Glencore raises money for Kurdish oil deal, likely short of target: sources

LONDON (Reuters) - Glencore GLEN.L will likely fall short of its target of raising $550 million to pre-finance the purchase of Kurdish oil, with investors exercising caution despite the offer of a 12 percent bond yield, industry sources told Reuters.

The logo of commodities trader Glencore is pictured in front of the company's headquarters in Baar, Switzerland, September 30, 2015. REUTERS/Arnd Wiegmann/File Photo

Two sources familiar with the plans said that commodities giant Glencore will price the bond at 12 percent on Tuesday, having received investor commitments for between $200 million and $400 million. Glencore would have to cover the rest itself, though there is no obligation to hit the full $550 million.

European traders contending with a protracted oil industry downturn have targeted Kurdish oil since the government of the autonomous Kurdish region in Erbil began selling independently from Baghdad.

The oil has been relatively cheap because of potential supply disruptions and the opposition of Iraq’s central government to independent Kurdish oil sales, though Baghdad has softened its tone on Erbil in recent months.

Reuters was first to report Glencore’s plans to raise the debt last month.

Rivals such as Vitol, Petraco and Trafigura have lent Erbil about $2 billion in total, to be repaid in oil. The traders have borrowed from banks and lent it to Erbil at their own risk.

Glencore also loaned $300 million to Erbil this year, with the money repaid by way of one mid-sized oil cargo a month, worth about $25 million.

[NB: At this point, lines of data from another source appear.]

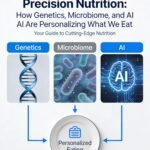 Precision Nutrition: How Genetics, Microbiome, and AI Are Personalizing What We Eat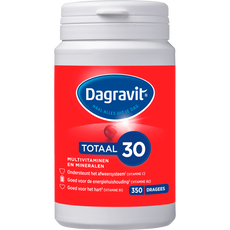 Dagravit Totaal 30 350 dragees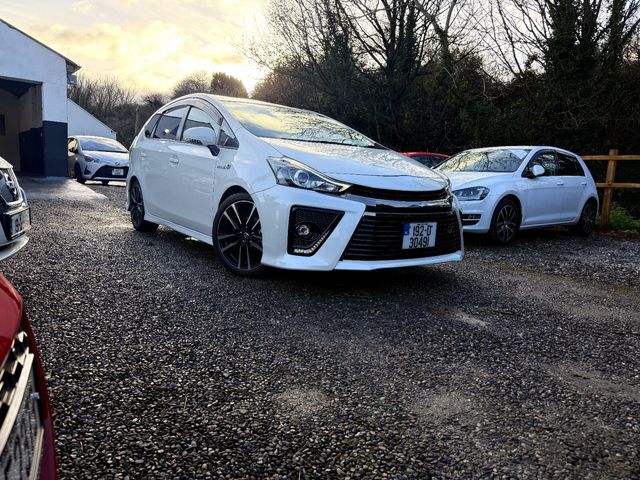 Image for 2019 Toyota Prius 1.8 Hybrid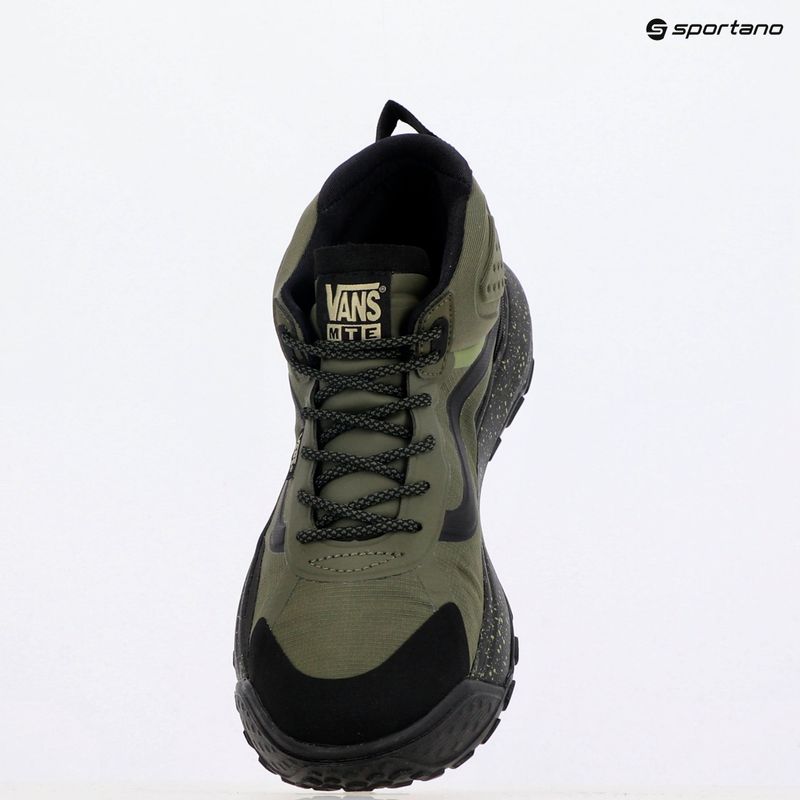 Buty Vans MTE Crosspath Mid olive 9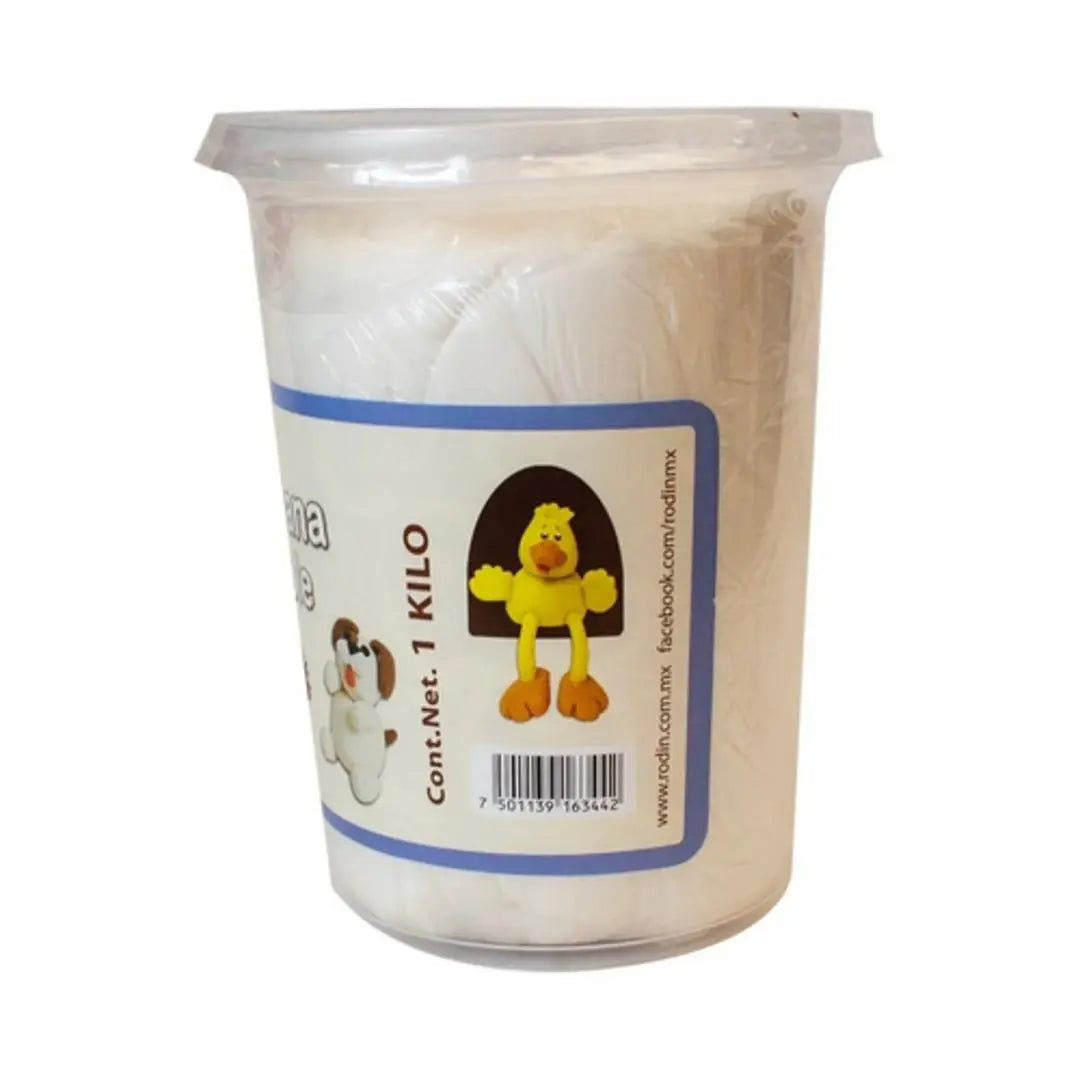 Porcelana Flexible Pasta Francesa Moldeable Manualidades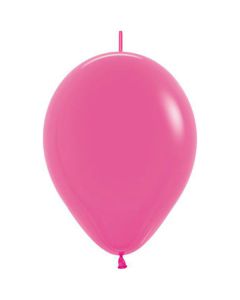 PALLONCINO FUCSIA (012) LINK 6" PZ.50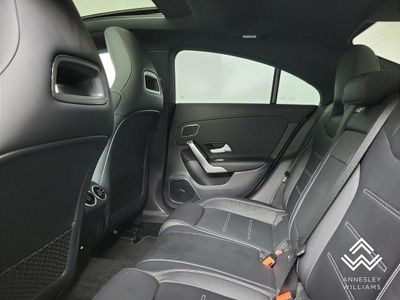 2025 Mercedes-Benz CLA Class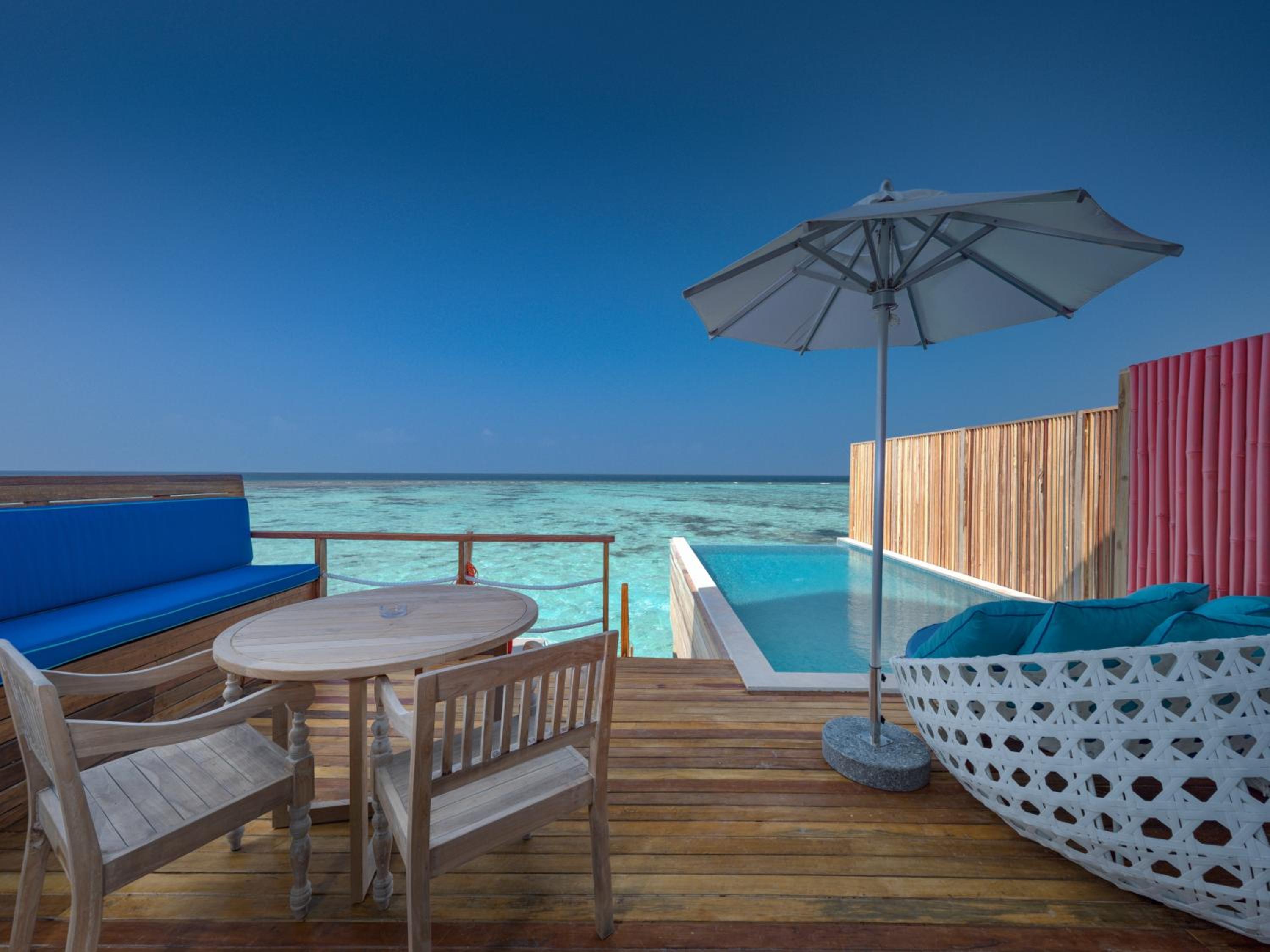 Cora Cora Maldives — снимок 9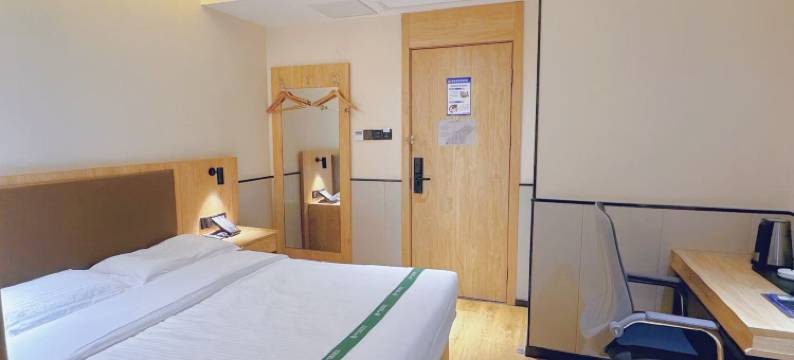 格林豪泰智选酒店(南京百家湖天元西路地铁站店)图片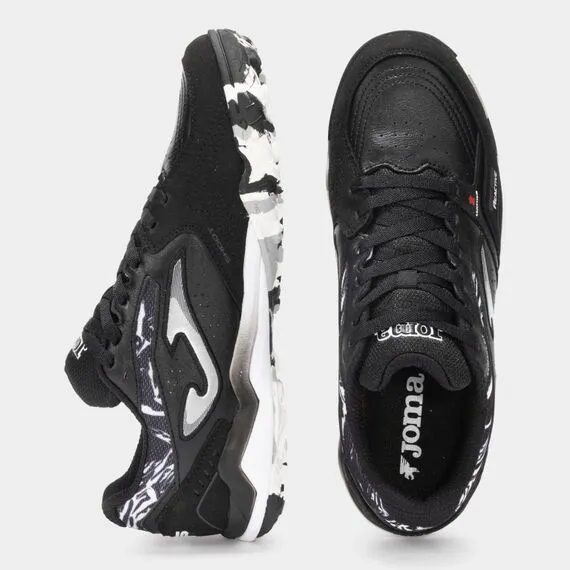 JOMA buty piłkarskie męskie turfowe FS REACTIVE FSS2501TF czarne, Kolor: czarny, Rozmiar: 40, 4 zdjęcie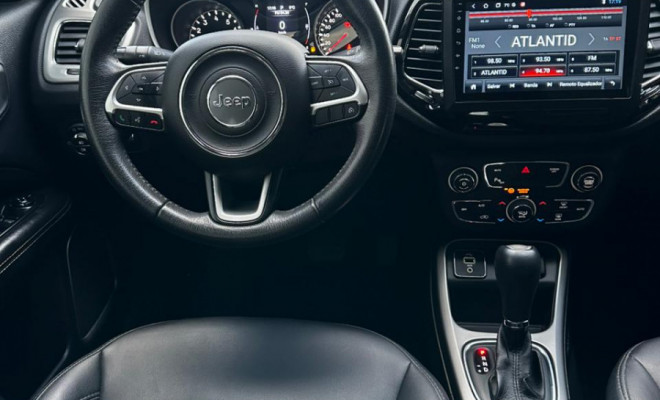 Jeep COMPASS SPORT 2.0 4x2 Flex 16V Aut. 2019 Flex-6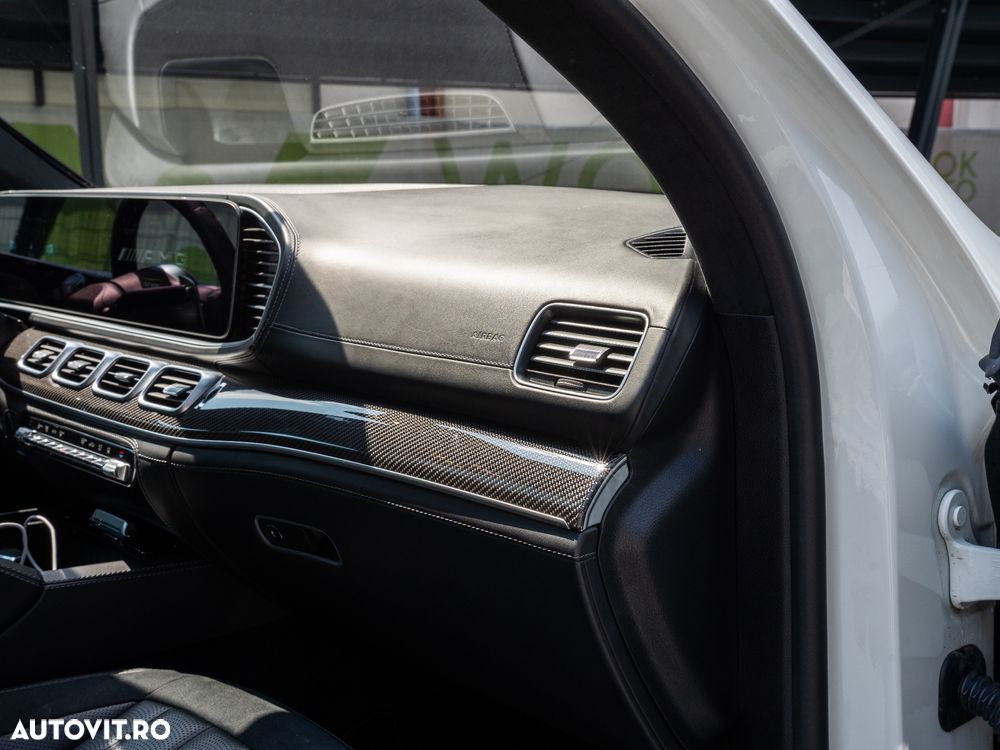 Mercedes-Benz GLS AMG 63 MHEV 4MATIC+ Aut - 19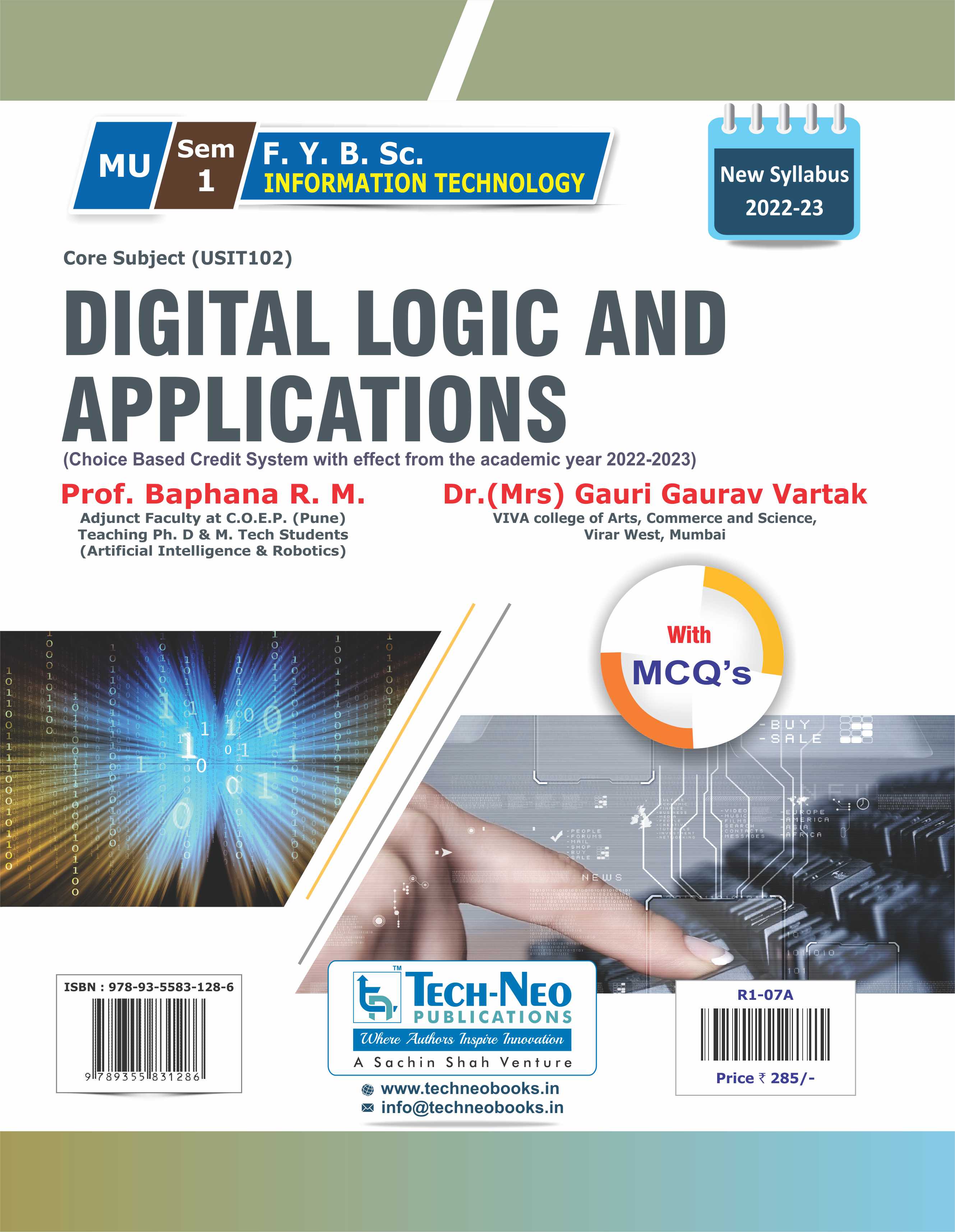 Digital Logic & Applications
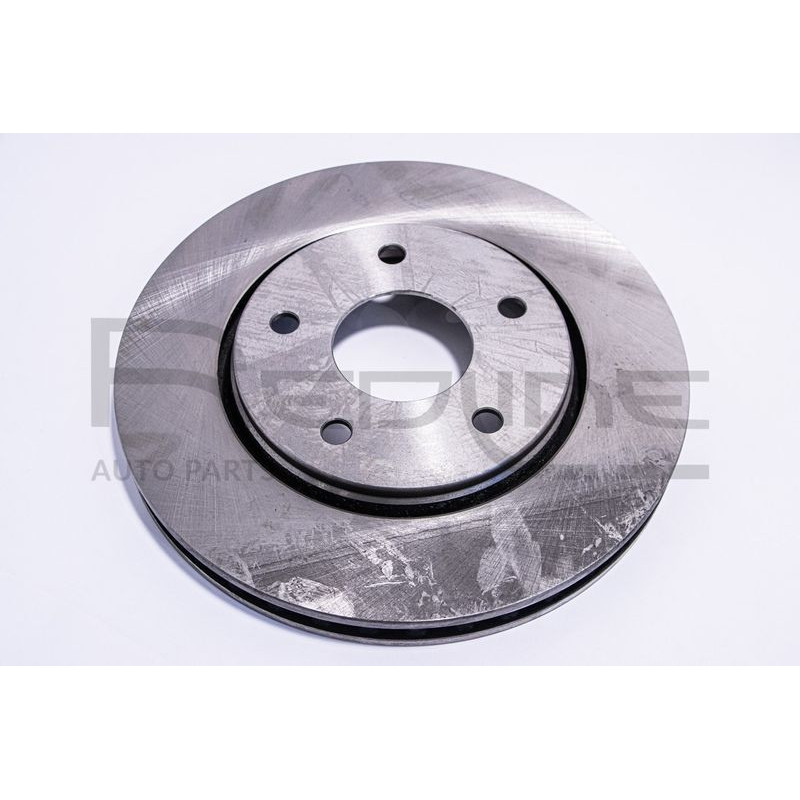 Disco freno asse anteriore - RED LINE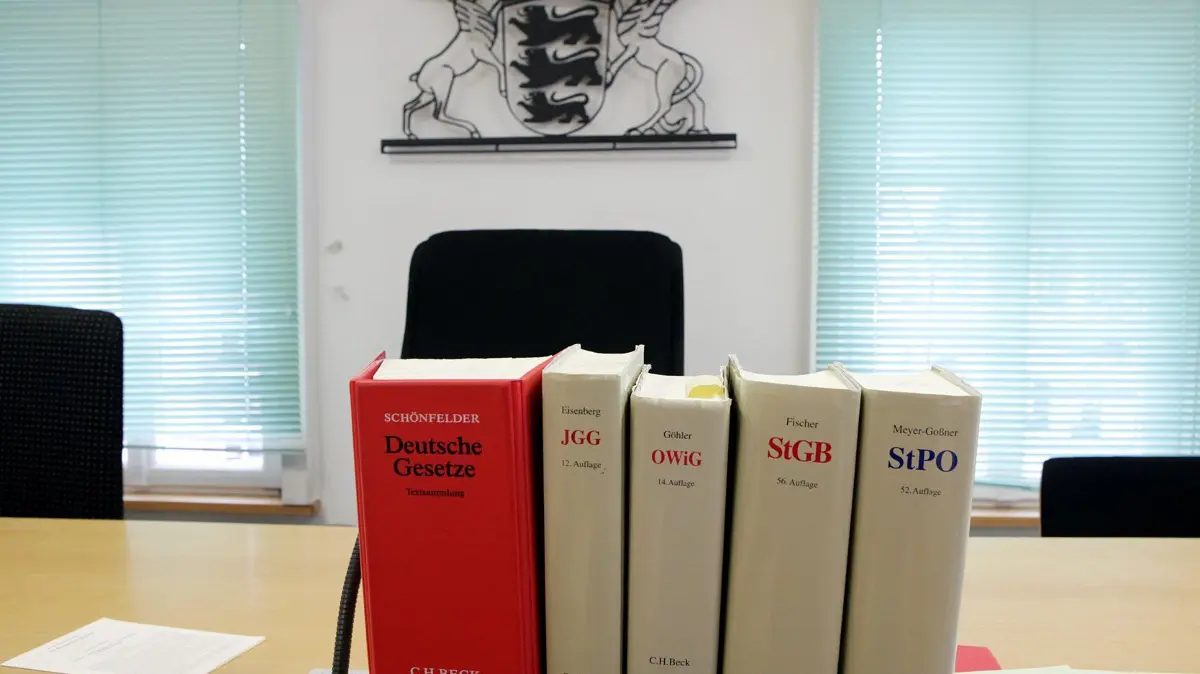 Amtsgericht Horb: Amtsgericht Horb, Wappen Baden-Württemberg, Gesetz, Gesetzbuch. 3.12.2010.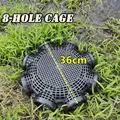8 holes cage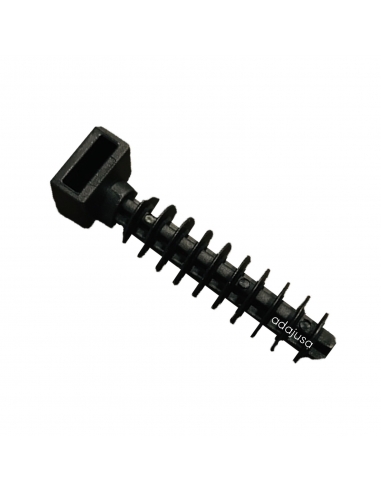 Flange taco diâmetro 8mm - saco 100 unidades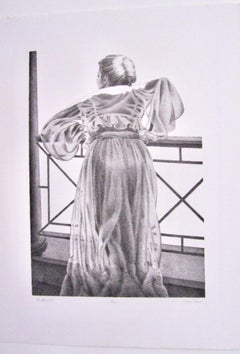 Joan Root, The Arrival, 1982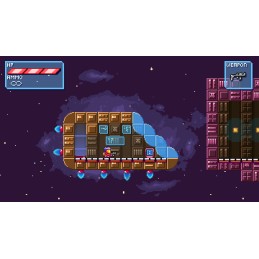 DEEP SPACE | Space-Platformer PC Steam CD Key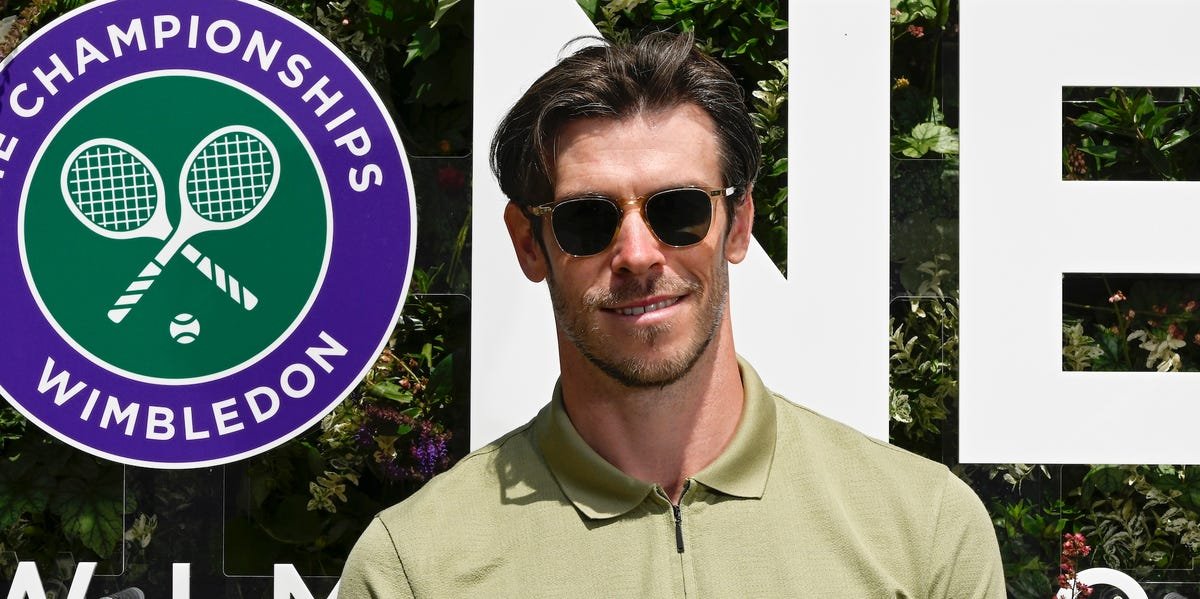 Gareth Bale’s Wimbledon 2026 Rolex GMT-Master II ‘Batman’ Is a Cult Favorite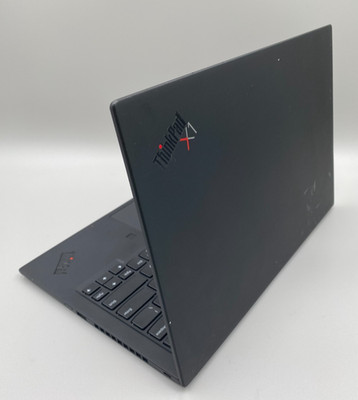 Lenovo ThinkPad X1 Carbon G8 i7-10510U 512GB SSD 8GB DDR4 Black laptop C/ See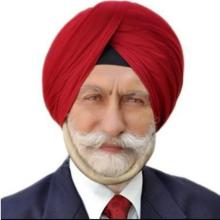 S. Harmail Singh Sidhu (Member)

The new bond should allow Glencore to split the risks by selling debt notes to a small number of investors and hedge funds who specialize in high-risk, high-yield investments and emerging markets.

Technically, the money would be raised by a special-purpose vehicle and the debt will be non-recourse, meaning that Glencore will not be liable should problems occur.

Glencore has told investors it expects to enter a new five-year agreement with the government of Kurdistan to buy its crude, with deliveries rising from one cargo in January, to two in February-March, four in April and six from May onwards.

Six cargoes a month would represent a quarter of overall exports from Kurdistan. Industry sources have said that Kurdistan has yet to finalize its export plans for 2017.

Glencore declined to comment.

Kurdistan exports its oil via the Turkish Mediterranean port of Ceyhan. Flows have been running at more than 600,000 barrels per day since September after being occasionally disrupted in 2015 and at the start of this year by militant attacks in Turkey and Kurdistan.